ABOUT THIS EXERCISE.
Among the lines below, a stretch begins at the one with "Vegan risotto with artichokes" and ends at the one with "Sparkling Luxe 0.25ct". Repeat that stretch exactly, ends included.

[[ MATERIAL PROVIDED open ]]

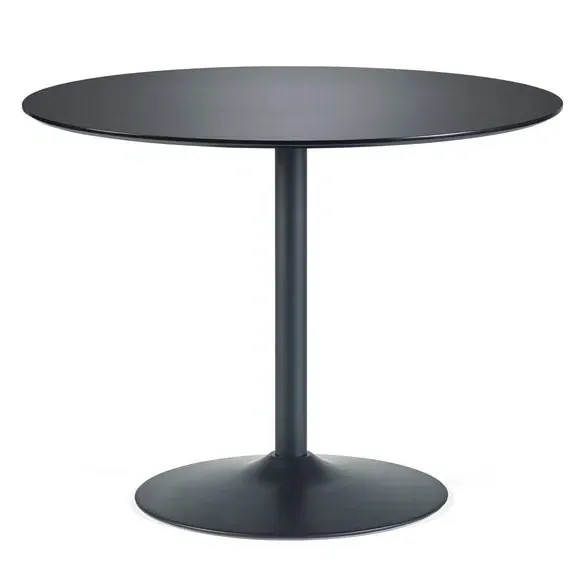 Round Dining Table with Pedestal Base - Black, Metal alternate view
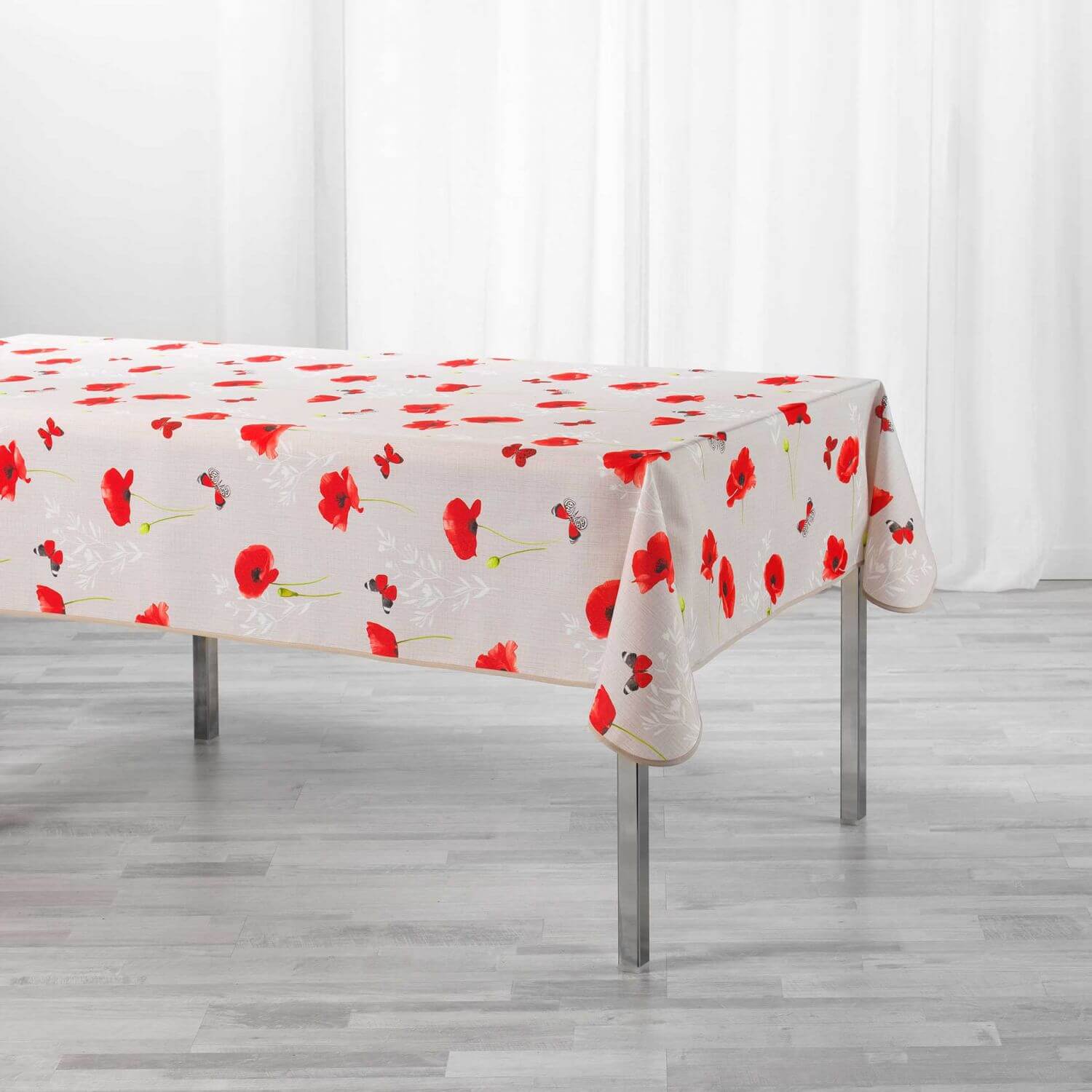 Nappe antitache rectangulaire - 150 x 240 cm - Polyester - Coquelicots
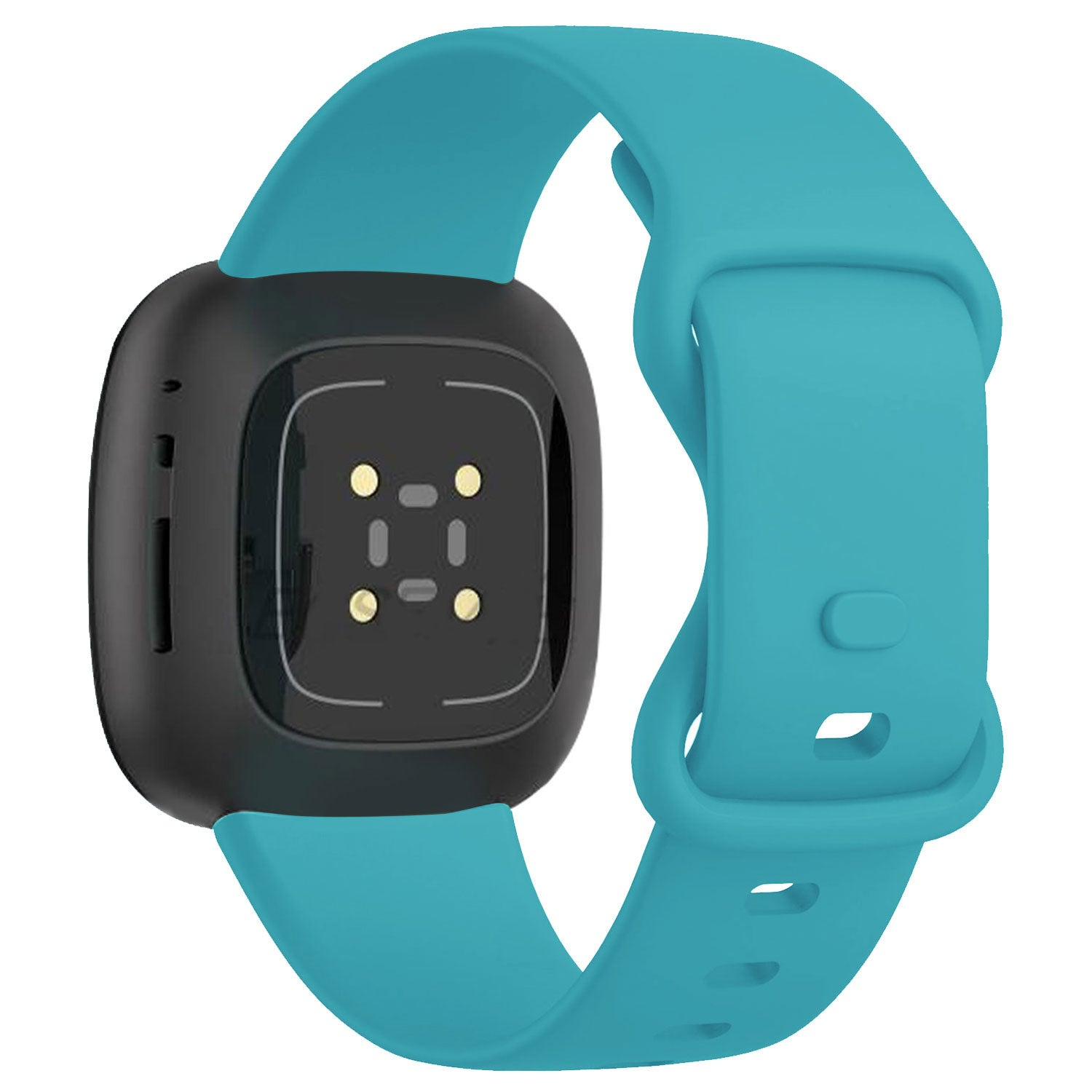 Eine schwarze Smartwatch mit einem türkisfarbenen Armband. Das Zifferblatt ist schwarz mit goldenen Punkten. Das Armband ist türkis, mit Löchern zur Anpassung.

[[ MATERIAL PROVIDED closed ]]
[[ MATERIAL PROVIDED open ]]

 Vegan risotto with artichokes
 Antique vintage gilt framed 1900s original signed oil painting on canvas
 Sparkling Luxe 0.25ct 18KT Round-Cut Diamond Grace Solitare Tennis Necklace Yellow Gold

[[ MATERIAL PROVIDED closed ]]
[[ MATERIAL PROVIDED open ]]

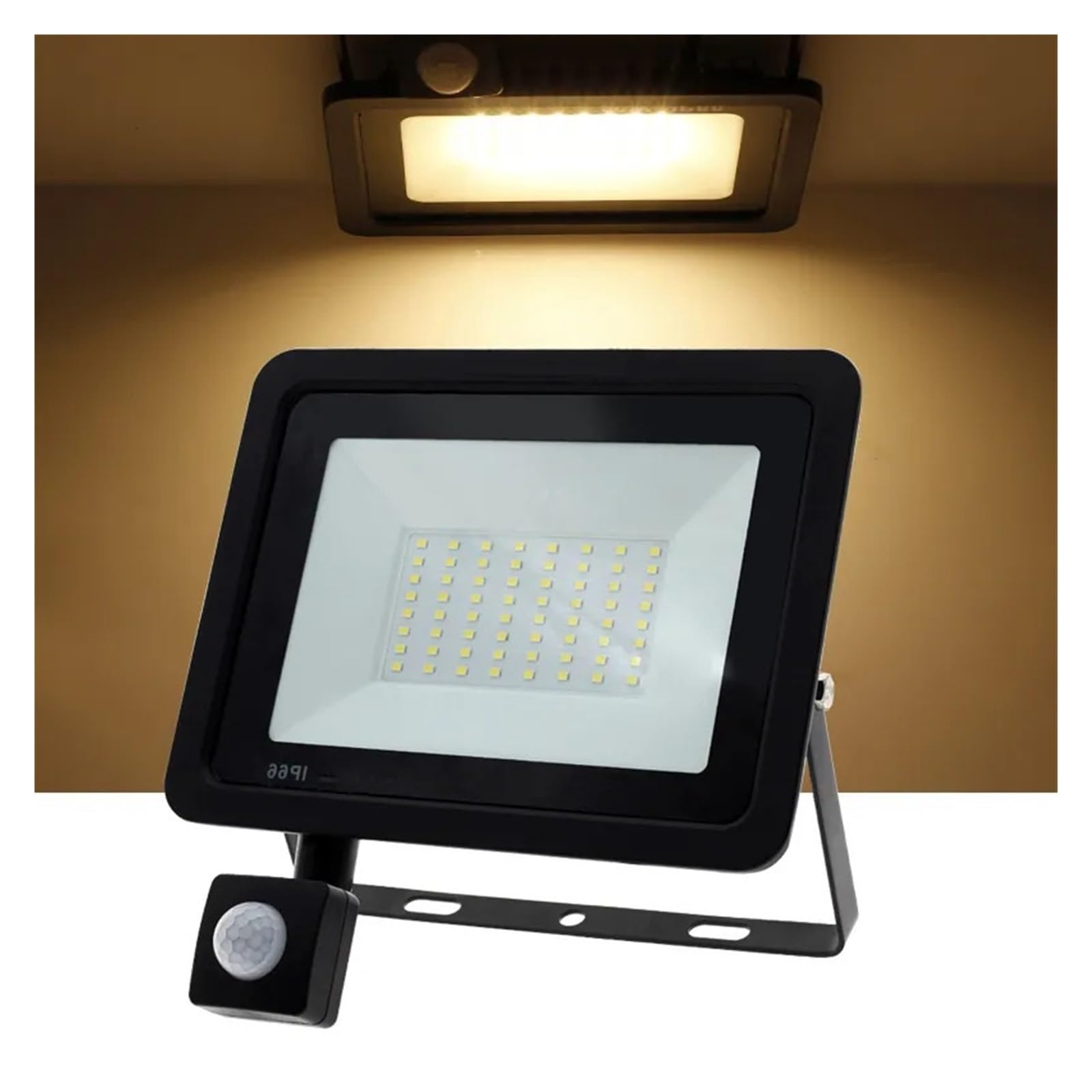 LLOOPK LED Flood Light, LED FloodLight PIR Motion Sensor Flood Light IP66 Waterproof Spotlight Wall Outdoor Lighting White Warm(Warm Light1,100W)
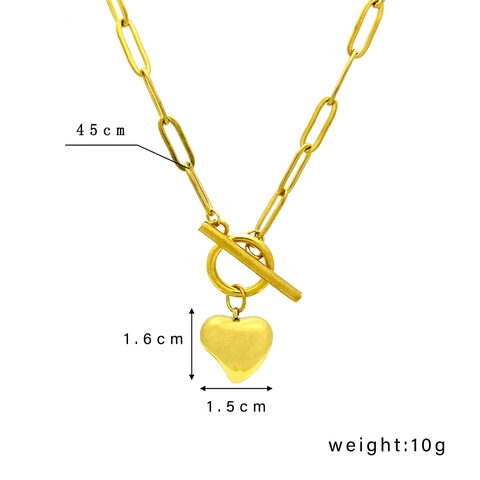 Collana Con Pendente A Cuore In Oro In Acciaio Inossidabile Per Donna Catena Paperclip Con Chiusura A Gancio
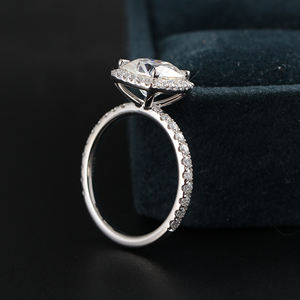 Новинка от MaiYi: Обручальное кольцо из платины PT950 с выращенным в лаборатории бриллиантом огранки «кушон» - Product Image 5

[[ MATERIAL PROVIDED closed ]]

EXERCISE SOLUTION.
 Vegan risotto with artichokes
 Antique vintage gilt framed 1900s original signed oil painting on canvas
 Sparkling Luxe 0.25ct 18KT Round-Cut Diamond Grace Solitare Tennis Necklace Yellow Gold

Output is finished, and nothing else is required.